## TASK PROMPT
Give back the whole listing exactly as written, leaving out each picture.

## RECORDED INFORMATION
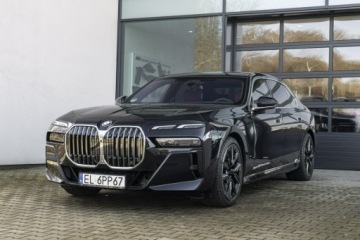 BMW Seria 7 G70 Sedan 3.0 40d 299KM 2026 BMW 740 xDrive Limuzyna - DEMO - Koła zimowe w, zdjęcie 4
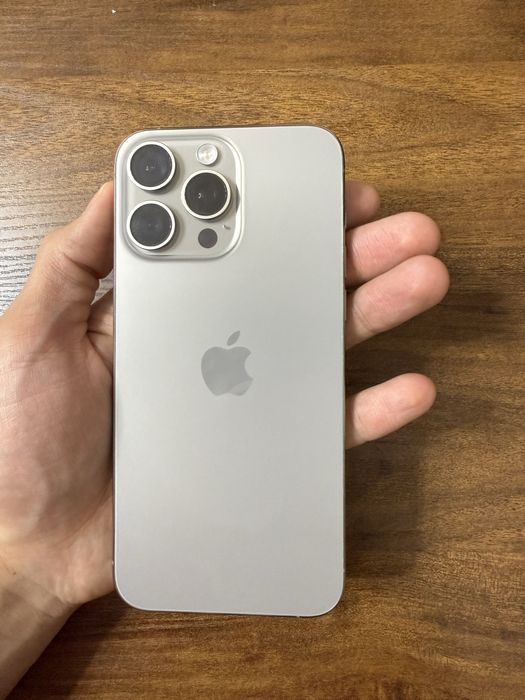 15 Pro max 256gb с разбитым стеклом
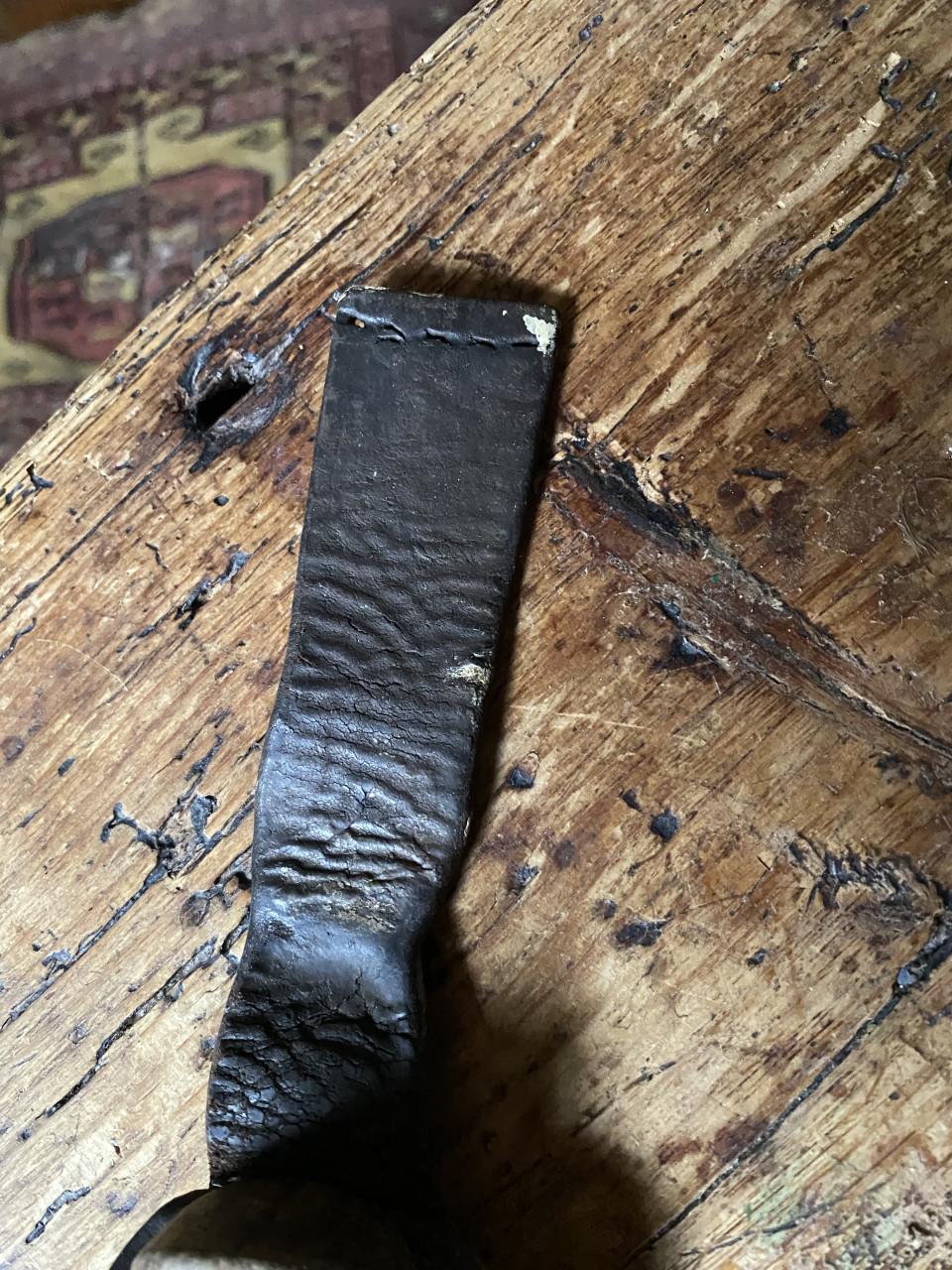 Oud boerenmes met schede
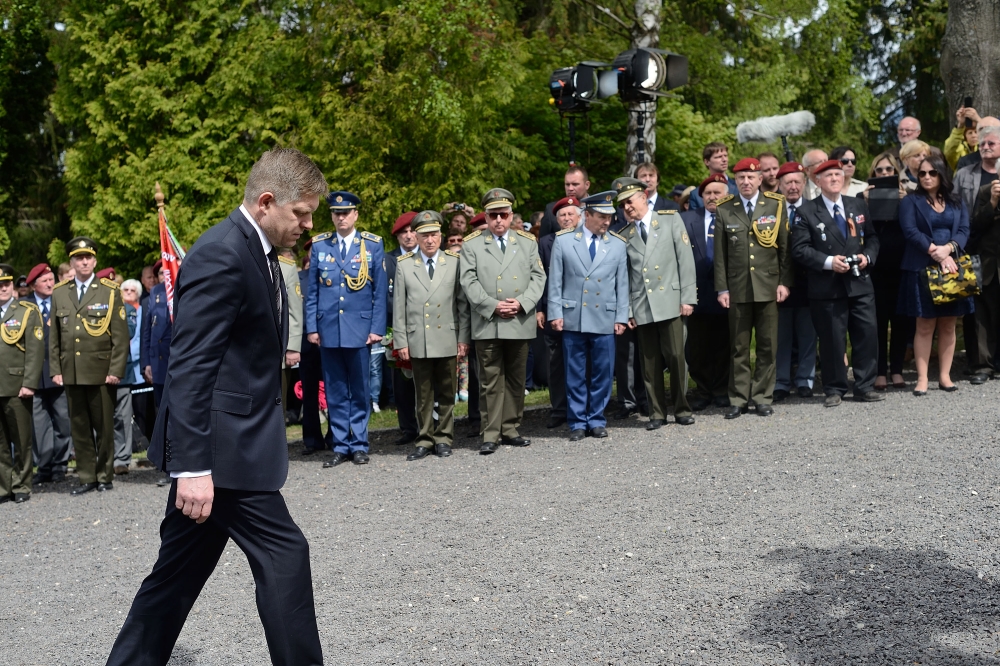 Slovenskí politici si pripomínajú koniec vojny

## EXERCISE RESULT
 BMW Seria 7 G70 Sedan 3.0 40d 299KM 2026 BMW 740 xDrive Limuzyna - DEMO - Koła zimowe w, zdjęcie 4
 15 Pro max 256gb с разбитым стеклом
 Oud boerenmes met schede
 Slovenskí politici si pripomínajú koniec vojny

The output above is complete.